We do at least pay God another visit to find him watching the series as a soap opera, which sees the god(dess) of love and harem cliches called in to provide advice and pretty much just tell him to go for it. I’m not sure this scenario needed the divine assistance of the harem trope god to resolve. Nothing in this show ever reaches the level of the dramatic.

And, if you can believe it, after a last episode 100% dedicated to getting an “I’ll marry all of you eventually” resolve, they have the gall to throw in a post-credits scene with the sinister white-haired boy who was in the opening looking like a villain but never showed, as if to give us some kind of cliff hanger. Sorry, not interested. Nothing you did was worth interest. I know it’s going to start nowhere, go nowhere, have no drama, have no tension, and ultimately resolve trivially.

This show was… differently bad, as I’ve already explained. No one scene properly conveys how much of a waste of air it is. Hell, for a couple episodes, I was even fooled into thinking something like “Okay, this is bad, but I don’t see why people got so terribly angry at it.”

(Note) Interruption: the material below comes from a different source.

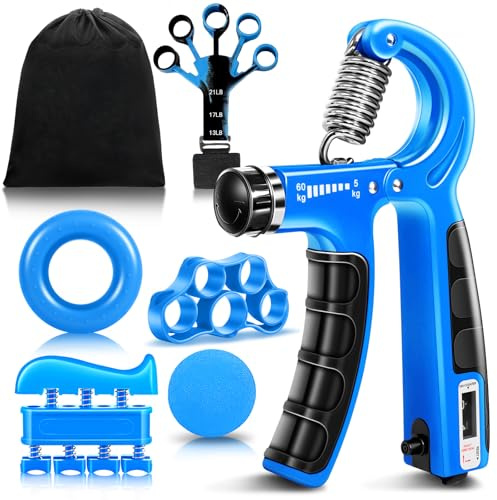 Flintronic Hand Grip Strengthener Kit, Adjustable Forearm Strengthener (5-60 kg), Adjustable Resistance Hand Exerciser, Hand Gripper for Building Strong Wrists, Fingers, Forearms & Hands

And then, slowly, I saw. In Another World With My Smartphone isn’t bad in one stroke, it’s not remarkable in its horror. It doesn’t look or sound or even necessarily feel at first like a completely awful show. But its staggering lack of intelligence or meaningful storytelling weighs on you, grinds you down. It’s soporific poison and I feel dumber for watching it. If you want comfort with a side of mayhem, watch Miss Kobayashi’s Dragon Maid.  If you want a show with a powerful male lead who’ll get to keep a full harem, watch Trinity Seven.  If you want to see the common isekai tropes played to their fullest potential, watch Rising of the Shield Hero. If you want to see a light, fun isekai that’s aware of its tropes, watch KonoSuba. But for Haruhi’s sake don’t watch this show. Whatever itch you’ve got, there’s a better way to scratch it.

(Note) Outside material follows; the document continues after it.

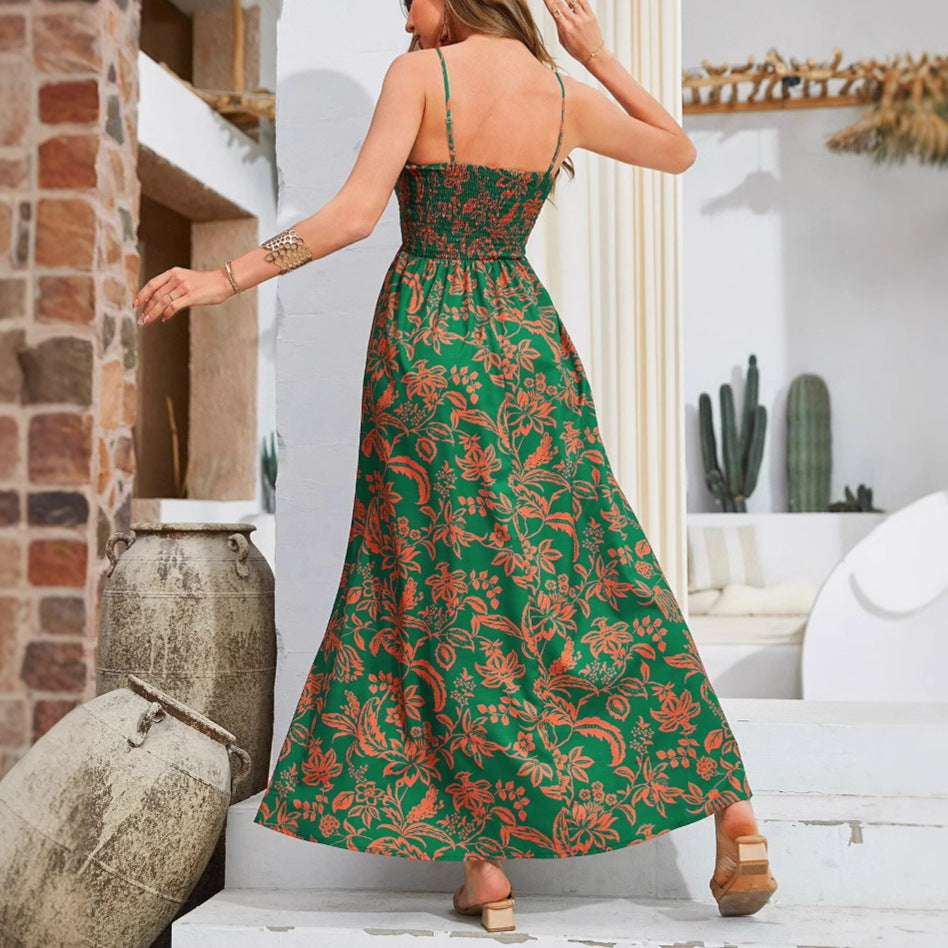 Woman wearing One-Shoulder Floral Print Maxi Dress in a sunny garden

While In Another World With My Smartphone may not be as flagrantly broken as other shows I’ve given a Fail to, it would be a straight-up insult to everything else that I’ve rated in the D’s to give it any higher, and frankly when looked at as a whole package an insult to some of the Fails too. Say all the mean things in the world about Omamori Himari or Familiar of Zero: Knight of the Twin Moons (please), but they at least tried before falling flat on their faces. I’m not going to invent some new F- grade (I would have done that for Koi Koi Seven or Ex-Arm if I was going to), but I’m certainly going to award In Another World With My Smartphone a big, fat Fail.